/flights-search

Scrapes and sorts flights based on agony rating.

Primary LanguageJavaScript

Flights Search

An Express Node.js application that gathers multiple flight search API requests, sorts them based on their agony rating, and returns the sorted flights.

Requirements

  • Node.js >= vers. 7.6
  • npm
  • python 2.7

Installation

  1. Follow instructions from Hippmunk's Searchrunner problem.
  2. From your terminal: git clone https://github.com/d0coat01/flights-search
  3. cd flights-search
  4. npm install

Quick Start

  1. From flights-search root directory: node index.js
  2. Open http://localhost:8000/flights/search.
  3. See Hippmunk's test documentation to make sure everything works.

Implementation && Analysis

Tech Stack

  • Express.js for an easy API routing framework.
  • Node.js >7.6 for the wonderful async/await functionality.

File Structure

  • index.js - Sets up the server and routing using Express.js.
  • flights.js - Implements the Flights class that contains flight search and sort logic.

Retrieve Each Provider's API Search

  • Loop through every provider and create an async API request function using fetch.
  • Store each request in an array.
  • Use Promise.all to wait for each API request, which then returns us an array of all the returned flight data.

Sorting Algorithm

Since each API request result is already sorted by agony, we know that by comparing the first flight of every provider will yield the lowest possible agony.

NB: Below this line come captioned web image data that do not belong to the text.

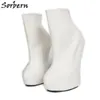 Sorbern White Matt Ankle Boots Hof Houe Soules Haux de mode Plataforma Talons Club High Heels Sexy Fetish Talons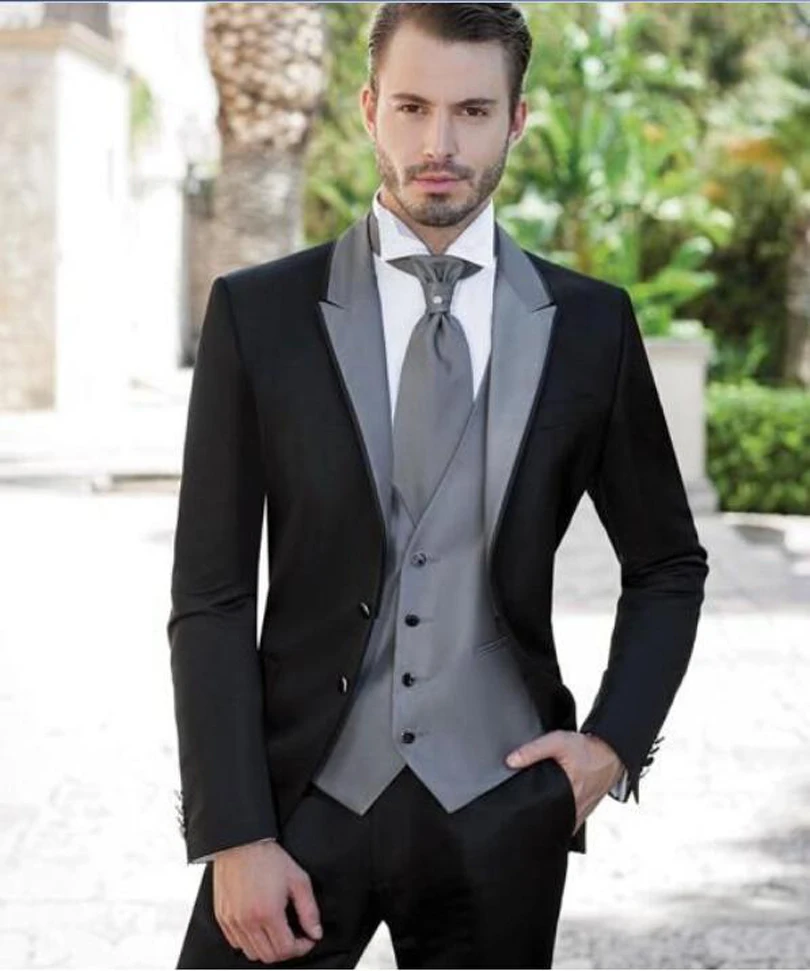 Traje De Boda De Dos Botones De Plata Negra Para Hombre 2019 Trajes De Padrino Para Hombres De Negocios Esmoquin 3 Piezas Best Wedding Suits Wedding Suitwedding Suits For Men Aliexpress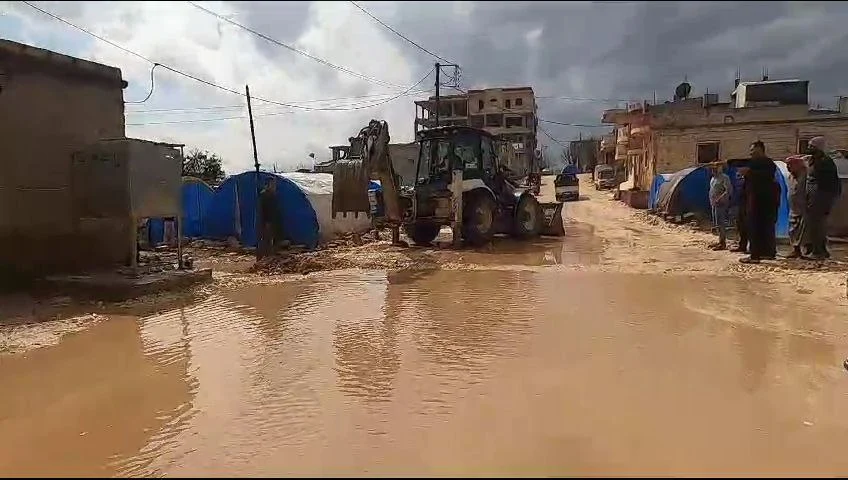 Rainfall causes material damage to IDPs camps in N. Aleppo, March 21, 2024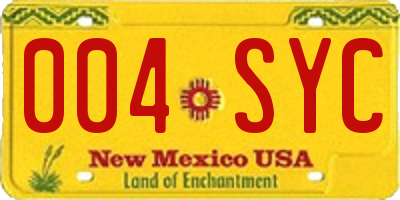 NM license plate 004SYC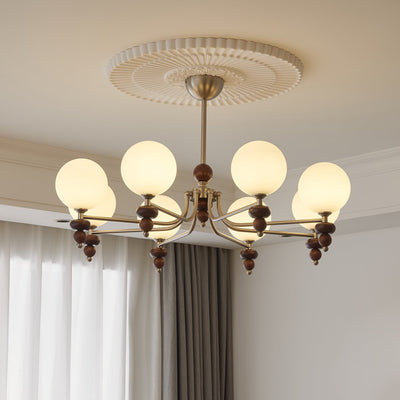 Cemarus Traditional Sphere Walnut Wood Glass Chandelier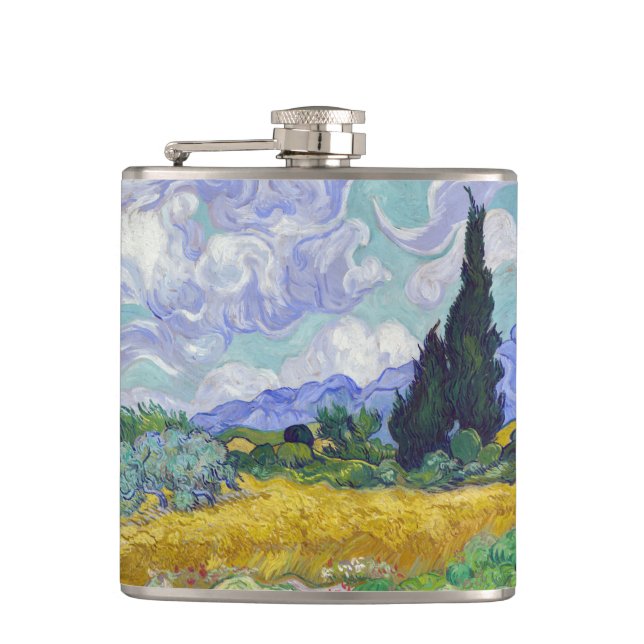 Vincent Van Gogh - Wheat Field with Cypresses Hip Flask (Front)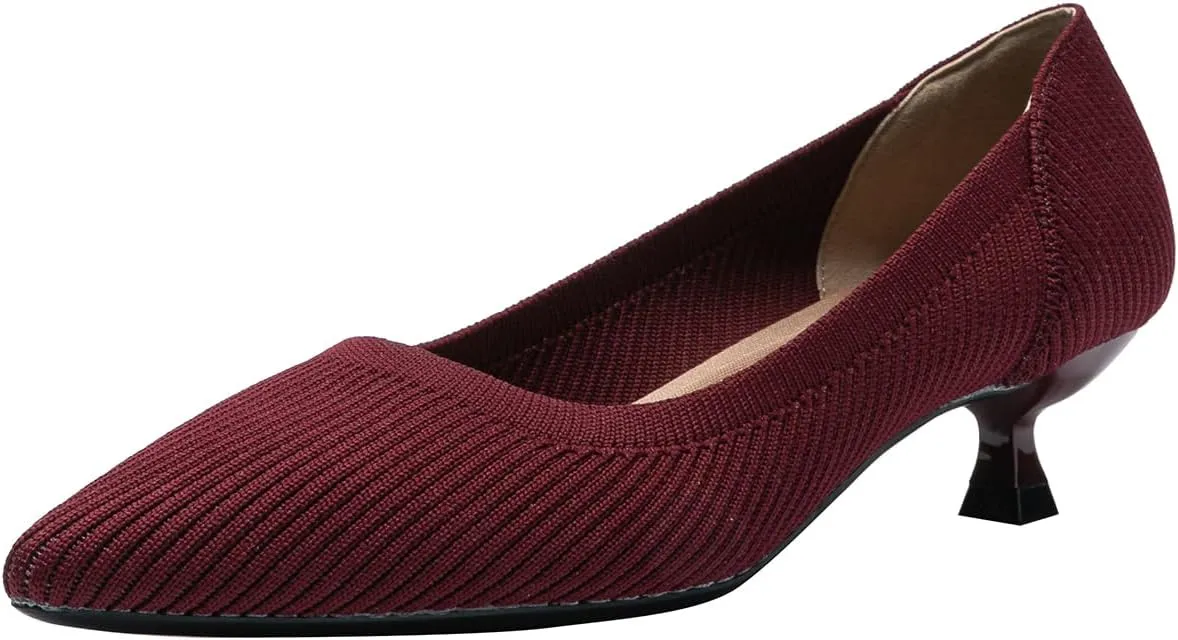 Women's Kitten Heels Pointed Toe Knit Pumps Slip On Foldable Comfortable Casual Formal Dress Shoes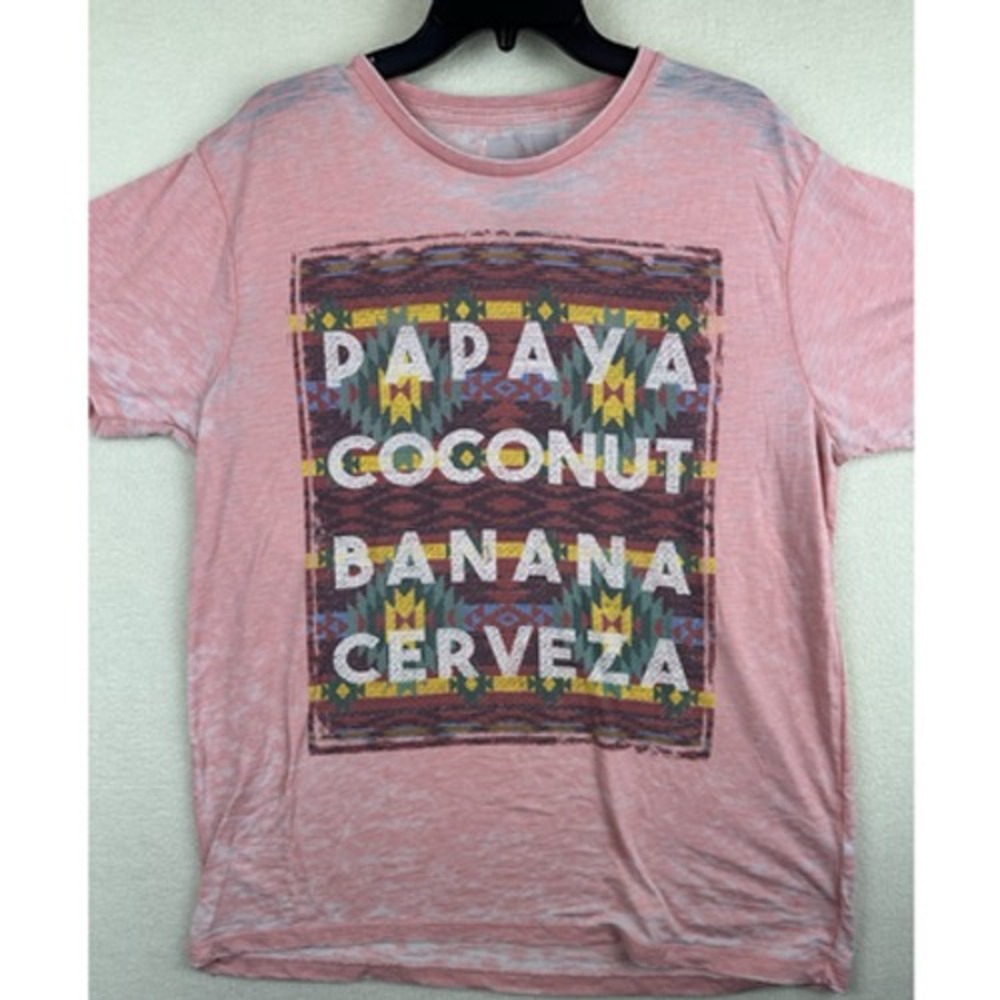 Cedar Wood State Mens Graphic T Shirt Large Orange Cream Papaya Coconut Cerveza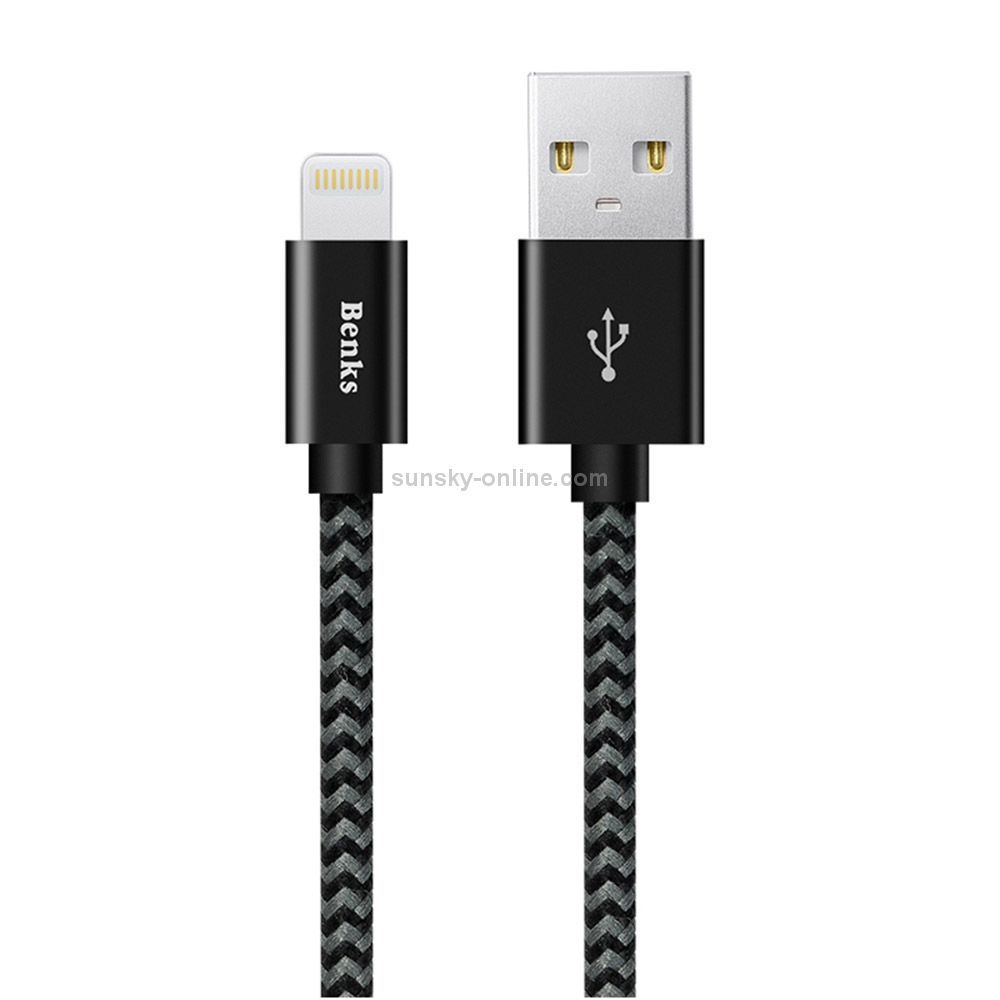 Benks Amber Nylon Braided 0.25m 2A 8 Pin to USB Metal Data Sync Charging Cable Benks Amber Nylon Braided 0.25m 2A 8 Pin to USB Metal Data Sync Charging Cable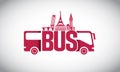 Travel with Bus Logo Royalty Free Stock Photo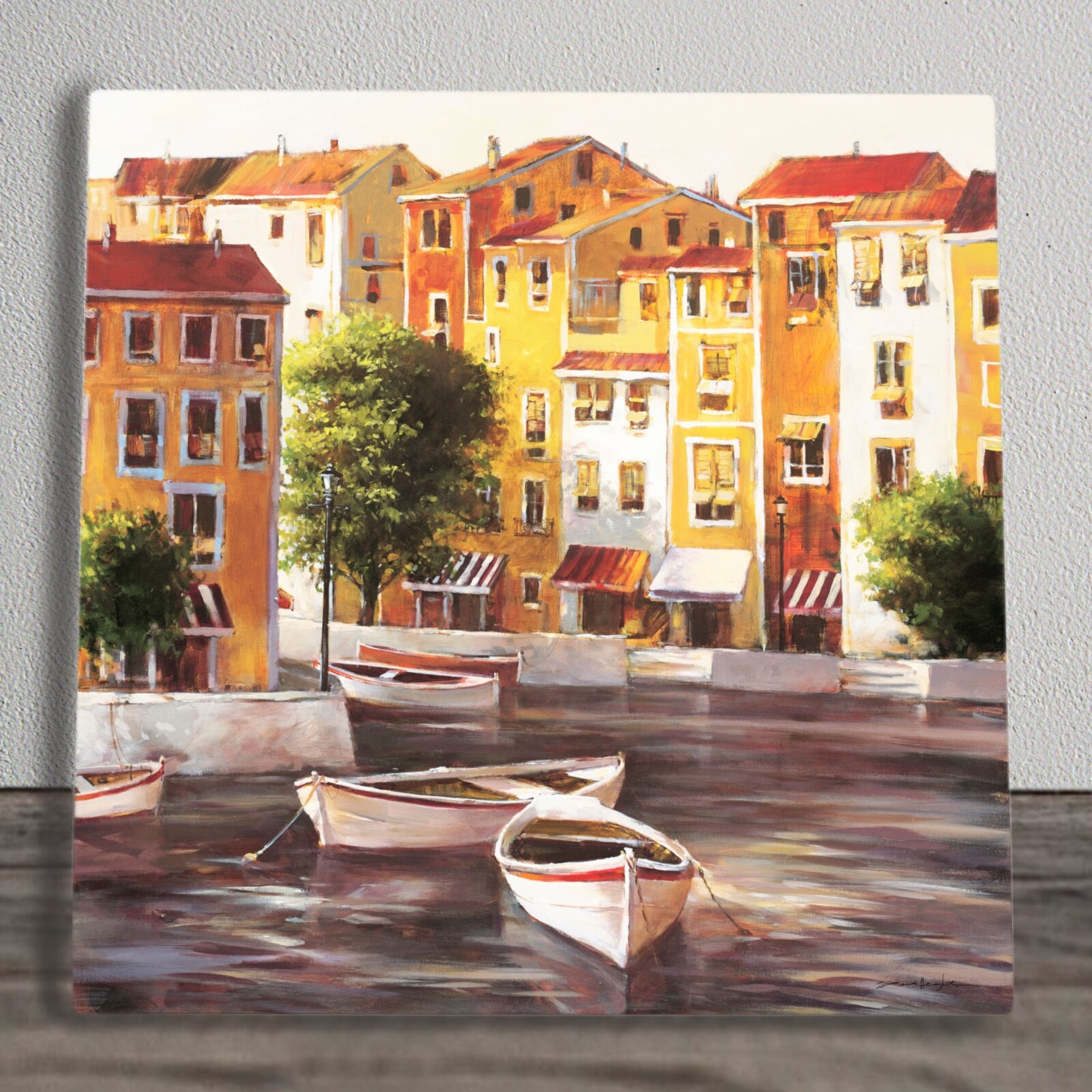 Ceramic Picture Tile Plaque ""Mediterranean Dawn 2"" By Brent Heighton 20cm x 20cm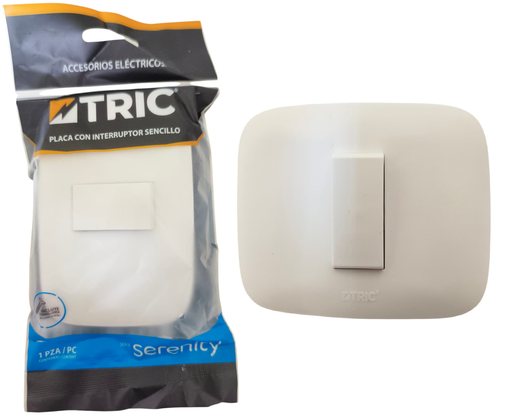 [T-LA101] Interruptor sencillo ac127/250v 10a blanco TRIC (serenity)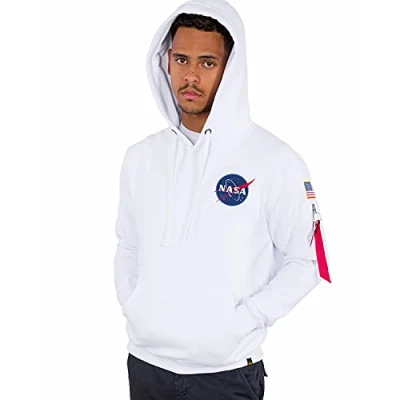 Image of Alpha Industries Men&#039;s Space Shuttle Hoody Hooded Sweat Sweatshirt, White, M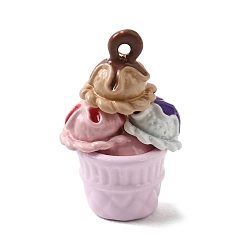Ice Cream Подвески из эмали и сплава, пищевые чары, мороженое прелести, 19.5x12x9.5 мм, отверстие : 1 мм
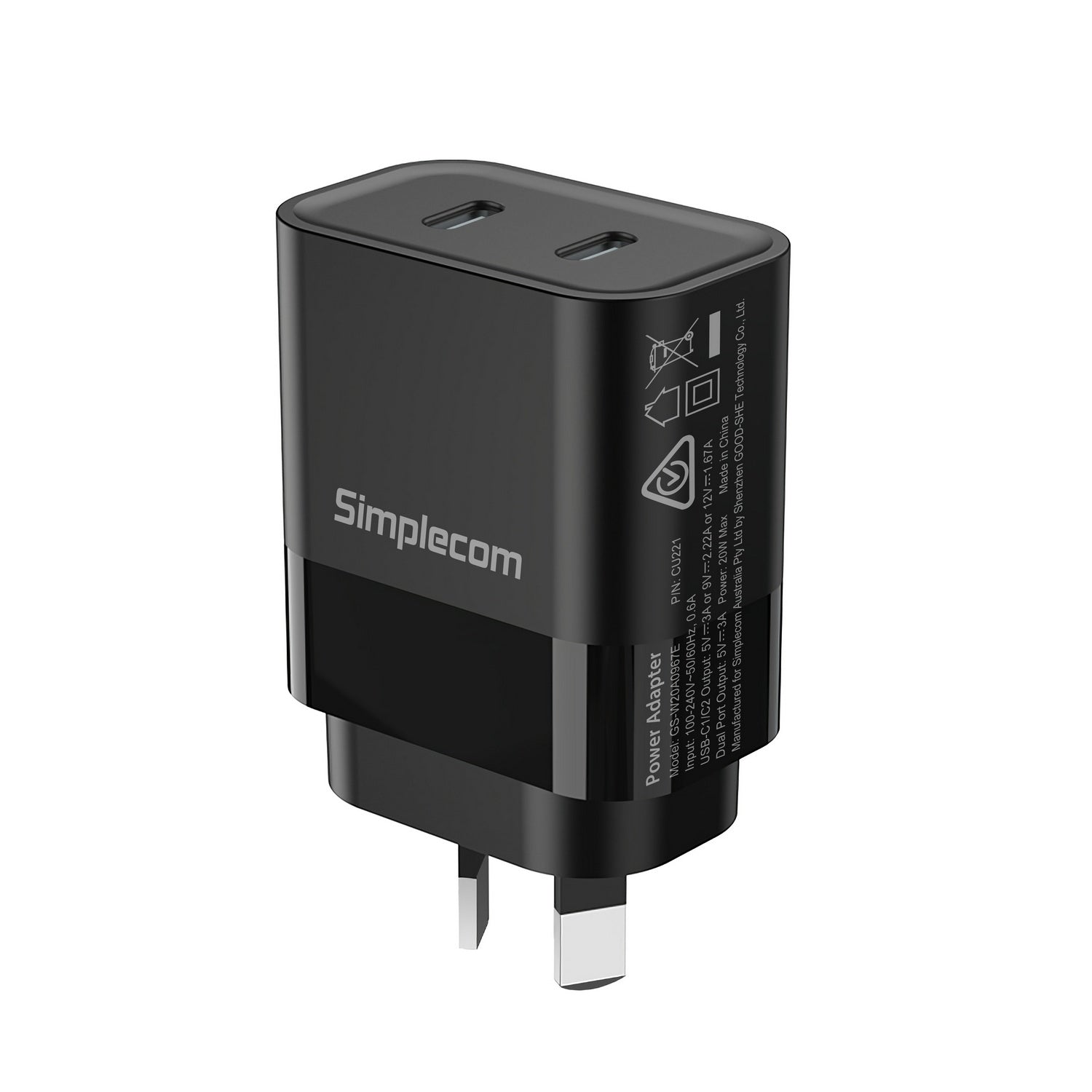Simplecom CU221 Dual USB-C Fast Wall Charger PD 20W for Phone Tablet - SuperSaverAU - view 1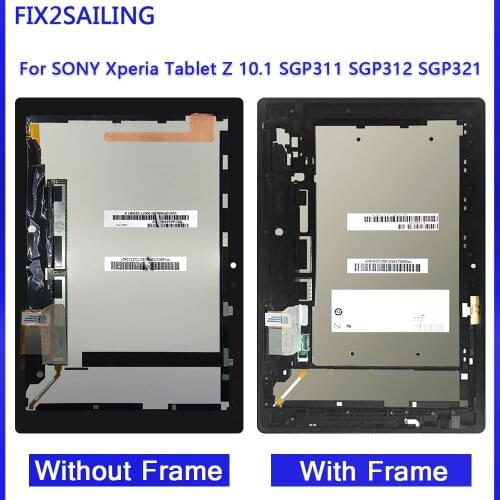 Full LCD Display Monitor Touch Screen Panel Digitizer Sensor Glass Frame For Sony Xperia Tablet Z 10.1 SGP311 SGP312 SGP321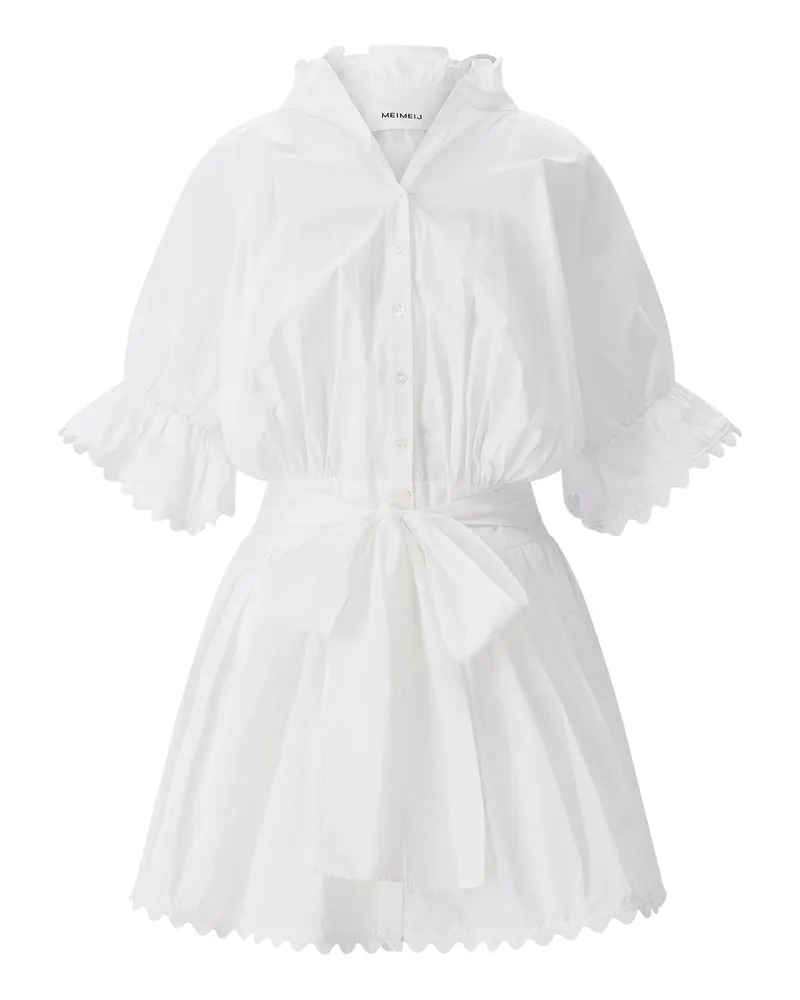 MEIMEIJ Kurzes Blusenkleid Weiß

Knowing that, here is the implementation of sorting:

  1. Replicate a hash table with a javascript object and store a pointer to each provider's current lowest agony (starting at 0 for each provider).

    • Ex. pointers = {"Expedia": 0, "United": 0, "Travelocity": 0}
    • min_agony = ["Expedia", "United", "Travelocity"]
  2. Then, instead of sorting the entire dataset, we can just sort the current flights our pointers reference, with the lowest agony at the highest index so we can easily pop().

    • Ex. What our pointers reference: Expedia agony: 3, United agony: 2, Travelocity agony: 5.
    • Resulting min_agony = ["Travelocity", "Expedia", "United"]
  3. Pop() min_agony, look up that provider's current index in pointers, and add that flight to the results.

    • min_agony = ["Travelocity", "Expedia"]
    • results = [{United flight object}]
  4. Next we increment the pointer index we just used and lookup that new flight to check if it exists.

    • If it does:
      • pointers = {"Expedia": 0, "United": 1, "Travelocity": 0}
      • min_agony: ["Travelocity", "Expedia", "United"]
    • does not:
      • pointers are same as above.
      • min_agony: ["Travelocity", "Expedia"]

5 . Loop through 1-4 until there are no providers left in min_agony.

Analysis

Sorting time

Variables:

  • flights = combined flights of all providers.
  • provider_count = # of providers.

Execution time is O(flights * provider_count * log(provider_count)) since we need to loop through every flight at least once and for each flight we need to sort an array of size provider_count at least once.

Memory consumption is O(flights) since I built another array of flight data without deallocating the previous data. I did this to save time since splicing each flight from the original data is expensive. If the original data from the API calls were reverse sorted, I could simply pop the flight and allocate it to the results, therefore using O(1) memory.